The PII-enforced event emission and span-wrapped turn execution. JS shows the actual shape; Python and Go show the same structure.

typescriptservices/analytics/ + utils/telemetry/ (simplified)

Never-type PII marker and dual-sink routing — actual pattern from learning-claude-code

// PII enforcement: this type can only be assigned by explicit verification
// The verbose name is the enforcement — it is not an accident
declare const _VERIFIED: unique symbol
type AnalyticsMetadata_I_VERIFIED_THIS_IS_NOT_CODE_OR_FILEPATHS = {
readonly [_VERIFIED]: true
[key: string]: string | number | boolean
}

function verifyMetadata(
m: Record<string, string | number | boolean>
): AnalyticsMetadata_I_VERIFIED_THIS_IS_NOT_CODE_OR_FILEPATHS {
// Call site must explicitly invoke this — the type name is the documentation
return m as AnalyticsMetadata_I_VERIFIED_THIS_IS_NOT_CODE_OR_FILEPATHS
}

interface AnalyticsEvent {
name: string
metadata: AnalyticsMetadata_I_VERIFIED_THIS_IS_NOT_CODE_OR_FILEPATHS
userId?: string
}

// Dual sink: both sinks always receive the same event
async function trackEvent(event: AnalyticsEvent): Promise<void> {
await Promise.allSettled([
  datadogSink.emit(event),
  firstPartySink.emit(event)
])
}

// User bucket hashing for stable A/B assignment
function getUserBucket(userId: string, bucketCount = 100): number {
const hash = murmurhash(userId)
return hash % bucketCount
}

// OTEL span wrapping the full turn — not just the model call
async function runTurnWithSpan(
input: string,
context: SessionContext
): Promise<TurnResult> {
return tracer.startActiveSpan('turn.execute', async (span) => {
  span.setAttributes({
    'turn.input_length': input.length,
    'session.id': context.sessionId,
  })

  try {
    const result = await runTurn(input, context)
    span.setStatus({ code: SpanStatusCode.OK })
    span.setAttributes({ 'turn.tool_calls': result.toolCallCount })
    return result
  } catch (err) {
    span.setStatus({ code: SpanStatusCode.ERROR })
    span.recordException(err as Error)
    throw
  } finally {
    span.end()
  }
})
}

Claude Code uses a type named AnalyticsMetadata_I_VERIFIED_THIS_IS_NOT_CODE_OR_FILEPATHS as a compile-time PII guard. What would be the consequence of enforcing this policy with a runtime check (e.g., a regex that rejects strings containing slashes) instead?

medium

Analytics events end up in Datadog dashboards and BigQuery tables accessible to many people. File paths and code snippets in event metadata could expose sensitive information.

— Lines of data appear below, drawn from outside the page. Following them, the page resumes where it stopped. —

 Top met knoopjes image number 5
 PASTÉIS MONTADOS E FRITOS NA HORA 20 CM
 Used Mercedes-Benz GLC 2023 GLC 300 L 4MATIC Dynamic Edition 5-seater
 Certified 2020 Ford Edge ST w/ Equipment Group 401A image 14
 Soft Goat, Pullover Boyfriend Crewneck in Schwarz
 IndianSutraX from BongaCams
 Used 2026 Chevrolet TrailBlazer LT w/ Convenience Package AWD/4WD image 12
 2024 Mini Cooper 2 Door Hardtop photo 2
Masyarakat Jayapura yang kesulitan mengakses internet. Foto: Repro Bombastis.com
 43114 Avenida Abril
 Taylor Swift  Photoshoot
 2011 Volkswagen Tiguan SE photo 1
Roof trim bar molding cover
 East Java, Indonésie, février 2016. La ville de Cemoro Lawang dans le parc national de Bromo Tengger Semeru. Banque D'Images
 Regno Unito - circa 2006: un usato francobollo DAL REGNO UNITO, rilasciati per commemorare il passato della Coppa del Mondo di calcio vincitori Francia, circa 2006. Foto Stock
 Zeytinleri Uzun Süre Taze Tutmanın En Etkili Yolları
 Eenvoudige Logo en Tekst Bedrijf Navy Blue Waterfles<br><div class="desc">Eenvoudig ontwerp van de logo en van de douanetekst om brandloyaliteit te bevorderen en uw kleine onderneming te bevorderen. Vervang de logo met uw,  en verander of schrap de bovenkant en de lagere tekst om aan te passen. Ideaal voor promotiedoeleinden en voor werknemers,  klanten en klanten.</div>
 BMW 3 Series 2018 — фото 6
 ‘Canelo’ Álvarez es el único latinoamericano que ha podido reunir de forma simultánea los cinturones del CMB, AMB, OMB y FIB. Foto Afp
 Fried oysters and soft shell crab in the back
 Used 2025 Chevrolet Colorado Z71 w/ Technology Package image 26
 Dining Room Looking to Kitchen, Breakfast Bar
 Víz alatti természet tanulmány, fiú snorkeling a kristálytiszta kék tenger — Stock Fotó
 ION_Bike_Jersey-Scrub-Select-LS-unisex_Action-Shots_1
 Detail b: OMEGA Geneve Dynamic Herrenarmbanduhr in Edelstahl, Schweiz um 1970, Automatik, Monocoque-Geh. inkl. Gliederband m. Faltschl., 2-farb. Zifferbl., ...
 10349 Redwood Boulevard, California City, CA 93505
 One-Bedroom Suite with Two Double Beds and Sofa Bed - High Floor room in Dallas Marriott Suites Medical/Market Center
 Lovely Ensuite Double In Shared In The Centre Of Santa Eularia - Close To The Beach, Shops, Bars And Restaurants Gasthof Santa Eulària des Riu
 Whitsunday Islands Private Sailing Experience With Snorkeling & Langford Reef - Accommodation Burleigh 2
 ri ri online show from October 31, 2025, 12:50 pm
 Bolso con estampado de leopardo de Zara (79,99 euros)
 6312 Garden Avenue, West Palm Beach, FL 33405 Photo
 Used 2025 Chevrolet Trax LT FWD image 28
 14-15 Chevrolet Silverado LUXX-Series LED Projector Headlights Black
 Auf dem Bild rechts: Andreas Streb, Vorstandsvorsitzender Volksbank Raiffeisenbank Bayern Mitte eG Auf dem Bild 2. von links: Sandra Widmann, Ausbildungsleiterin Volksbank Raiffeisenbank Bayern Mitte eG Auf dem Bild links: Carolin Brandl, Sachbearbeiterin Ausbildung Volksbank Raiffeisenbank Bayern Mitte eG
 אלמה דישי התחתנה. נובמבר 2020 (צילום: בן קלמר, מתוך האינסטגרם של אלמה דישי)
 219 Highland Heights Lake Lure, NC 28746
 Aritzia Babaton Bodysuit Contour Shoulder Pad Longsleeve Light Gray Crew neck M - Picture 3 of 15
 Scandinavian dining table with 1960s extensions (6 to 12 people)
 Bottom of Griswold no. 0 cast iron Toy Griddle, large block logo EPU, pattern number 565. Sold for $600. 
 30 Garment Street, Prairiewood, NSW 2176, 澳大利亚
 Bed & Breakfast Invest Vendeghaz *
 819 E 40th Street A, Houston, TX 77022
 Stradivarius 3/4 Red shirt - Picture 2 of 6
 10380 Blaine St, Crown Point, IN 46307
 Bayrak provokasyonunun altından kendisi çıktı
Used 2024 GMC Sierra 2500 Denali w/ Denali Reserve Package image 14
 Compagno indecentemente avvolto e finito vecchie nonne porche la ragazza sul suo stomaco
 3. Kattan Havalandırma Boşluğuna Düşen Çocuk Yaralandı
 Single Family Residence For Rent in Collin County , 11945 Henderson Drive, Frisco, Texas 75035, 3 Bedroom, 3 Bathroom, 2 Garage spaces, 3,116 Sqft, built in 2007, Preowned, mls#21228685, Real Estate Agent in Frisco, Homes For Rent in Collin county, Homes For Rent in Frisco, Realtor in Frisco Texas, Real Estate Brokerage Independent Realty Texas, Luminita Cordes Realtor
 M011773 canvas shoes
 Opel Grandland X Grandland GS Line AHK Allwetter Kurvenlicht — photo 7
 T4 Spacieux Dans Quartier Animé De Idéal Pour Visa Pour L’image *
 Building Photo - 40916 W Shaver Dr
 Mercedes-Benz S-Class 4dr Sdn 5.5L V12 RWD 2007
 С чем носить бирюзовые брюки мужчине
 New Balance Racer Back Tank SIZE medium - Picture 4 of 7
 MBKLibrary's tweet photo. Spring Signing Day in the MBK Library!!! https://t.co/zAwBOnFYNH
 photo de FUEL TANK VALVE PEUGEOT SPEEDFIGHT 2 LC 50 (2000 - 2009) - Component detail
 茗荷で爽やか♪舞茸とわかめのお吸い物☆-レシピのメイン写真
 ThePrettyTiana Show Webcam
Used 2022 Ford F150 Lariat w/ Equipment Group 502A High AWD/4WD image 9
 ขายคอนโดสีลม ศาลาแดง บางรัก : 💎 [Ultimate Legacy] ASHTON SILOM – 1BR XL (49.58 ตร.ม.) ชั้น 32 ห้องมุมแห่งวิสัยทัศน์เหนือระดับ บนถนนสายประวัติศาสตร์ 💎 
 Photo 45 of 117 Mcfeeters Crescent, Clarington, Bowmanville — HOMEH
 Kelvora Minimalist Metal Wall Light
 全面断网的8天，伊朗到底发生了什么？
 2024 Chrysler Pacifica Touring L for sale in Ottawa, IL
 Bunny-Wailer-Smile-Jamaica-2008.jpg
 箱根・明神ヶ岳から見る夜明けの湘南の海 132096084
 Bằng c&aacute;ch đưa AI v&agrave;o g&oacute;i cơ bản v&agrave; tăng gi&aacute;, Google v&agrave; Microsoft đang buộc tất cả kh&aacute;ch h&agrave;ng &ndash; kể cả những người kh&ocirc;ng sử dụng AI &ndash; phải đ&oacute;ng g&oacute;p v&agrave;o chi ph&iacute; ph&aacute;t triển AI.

  • ARuntime checks are faster — the never-type approach adds TypeScript compilation overhead
    Incorrect.TypeScript type checking happens at compile time, not at runtime. It adds no overhead to the running program.
  • BA runtime regex would catch different patterns in different languages and environments, making it unreliable for a cross-platform tool
    Incorrect.This is a secondary concern. The more fundamental issue is that runtime checks fail silently (the event is dropped or the call throws) only after the code reaches production, while the compile-time approach prevents the mistake from being written at all.
  • CRuntime checks fail at the call site after the code is written and deployed — they catch mistakes in production rather than at the point where the code is authored, and they can still be bypassed by converting values to safe-looking strings
    Correct!Correct. A runtime check means the code compiles and ships even with the wrong metadata. The check then fires when the event is actually emitted — possibly in a session months after the code was written. The never-type marker is caught by the TypeScript compiler at the moment the developer writes the problematic call, before any code ships. Additionally, a runtime string check can be trivially bypassed by encoding a path differently (URL encoding, base64). The type-based approach cannot be bypassed without an explicit cast that documents the override.
  • DRuntime checks would prevent legitimate metadata like version numbers that contain dots (which look like file extensions)
    Incorrect.This describes a false positive risk in the check's pattern, not a fundamental difference between compile-time and runtime enforcement.